Les sources du style littéraire.
    Si Homère, Virgile, Dante et d’autres classiques inspirent les textes de Calamandrei composés dans un style d’une « haute et solide tradition », et si Carducci était le poète préféré de sa jeunesse, la « prose classique » de Calamandrei est aussi influencée par le « crépuscularisme », tendance littéraire issue de la culture décadente italienne du début du siècle. Cette influence représente un élément de modernité, qui imprime à son écriture « la mobilité inquiète de la sensibilité moderne ». L’Inventaire en porte la marque. Même si Calamandrei veut faire revivre dans Il Ponte non pas le climat crépusculaire, mais plutôt le patriotisme viril de Carducci, le crépuscularisme ne cesse pas d’être pour autant l’une des sources de sa poétique d’après-guerre.
     Si certains «petits poèmes» de jeunesse de Calamandrei sont typiquement « crépusculaires », dans l’Inventaire la culture crépusculaire est présente avant tout comme « condition de l’esprit », comme « paysage et climat ». L’idée selon laquelle l’art littéraire consiste à « raconter les larmes », le psychologisme excessif, le désir de combler un « vide » spirituel, la fascination de la mort, de la fatigue, de la monotonie et de l’absurdité de l’existence, comme la diction à mi-voix, l’ironie mélancolique et l’auto-ironie, sont autant d’éléments constituant l’« éloquence de la douleur » de Calamandrei. Le crépuscularisme peut avoir influencé l’emploi des conjonctions adversatives introduisant des « rêveries ». Le souvenir du « climat crépusculaire » du début du sicle, où le « petit enfant » avait valeur d’autorité — en opposition au surhomme de D’Annunzio — peut avoir incité l’écrivain à prendre pour interlocuteur son « moi » d’enfant, qui, par la fantaisie et l’imagination, construit un « sujet de consolation ». Le petit enfant crépusculaire — souvent moribond, faible, malade, ingénu et hypersensible dans les premiers poèmes de Calamandrei — devient un acteur de résistance dans l’Inventaire, résistance à la fois contre la mort et contre la culture fasciste. Une plainte d’enfant doucement murmurée semble défier les « discours virils », la rhétorique fasciste que Calamandrei décrivait comme « un mélange de d’annunzianisme de troisième zone, passé à travers une éloquence de marchands de foire, et de laconisme napoléonien ostentatoire, sous lequel on sentait la suffisance d’illettré et de mufle d’un adjudant ». Le petit enfant crépusculaire introduit dans la langue de Calamandrei une sensibilité particulière. Après avoir été amoureusement réadopté et en même temps ironiquement examiné durant les « explorations solitaires » entreprises par le poète dans l’Inventaire, il pénètre dans le langage de la Libération et aide à articuler les souffrances, les larmes et les silences de la nouvelle liberté, tout comme ses espérances.

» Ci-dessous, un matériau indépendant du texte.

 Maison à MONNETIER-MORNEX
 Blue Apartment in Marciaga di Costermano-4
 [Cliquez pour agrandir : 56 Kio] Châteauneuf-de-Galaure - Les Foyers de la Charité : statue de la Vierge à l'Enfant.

     Même si le crépuscularisme peut avoir influencé la poétique de Calamandrei, les « sujets de consolation » proviennent d’un espace bien délimité « entre fable et mémoire ». Les contes et les fables fascinent l’homme mélancolique et le poète : ils ont le pouvoir de rappeler la mémoire de l’enfance et d’accomplir le miracle de la consolation. En temps de crise, la structure de la fable est identifiée à « la logique des enfants qui est celle-là même des rêves », et qui aide à retrouver l’équilibre. Plus le traumatisme est grave, plus l’élément fabuleux a d’urgence et de force de persuasion, comme si le besoin d’histoires était lié à la nécessité permanente d’intégrer des aspects de l’enfance dans la structure mentale de Calamandrei. Les éléments fabuleux deviennent les structures permanentes de son paysage intérieur, envahissant sa façon de raisonner et de rêver, modelant la perception de sa profession et sa conception de la politique, et construisant en même temps la trame de ses récits.
     Si Calamandrei avait écouté des histoires depuis l’enfance, le grand juriste, comme le souligne Giorgio Luti, avait été dès sa jeunesse un grand conteur, commençant à publier des fables lorsqu’il faisait ses études. Malgré l’abandon de la forme du conte dans les années 20, des éléments continuent à en transparaître dans ses textes. La langue poétique et féerique appartient à son expérience de jeune père : il raconte des histoires à Franco et observe, fasciné, le langage vivant et plein d’imagination de son fils. Calamandrei le note méticuleusement, l’analyse et ne l’oubliera jamais. Dans l’Inventaire, l’une des intentions du poète est de recréer « une atmosphère fabuleuse » : avec cette prose poétique, il considère comme des attributs légitimes de son « propre alphabet » des éléments fabuleux et miraculeux, des objets animés, des abstractions personnifiées. Et en effet, beaucoup de textes civils de Calamandrei peuvent se lire comme des fables : un célèbre historien turinois de l’antifascisme définit Calamandrei comme « un grand orateur politique » qui possède aussi le talent d’un « grand-père sachant raconter des histoires ».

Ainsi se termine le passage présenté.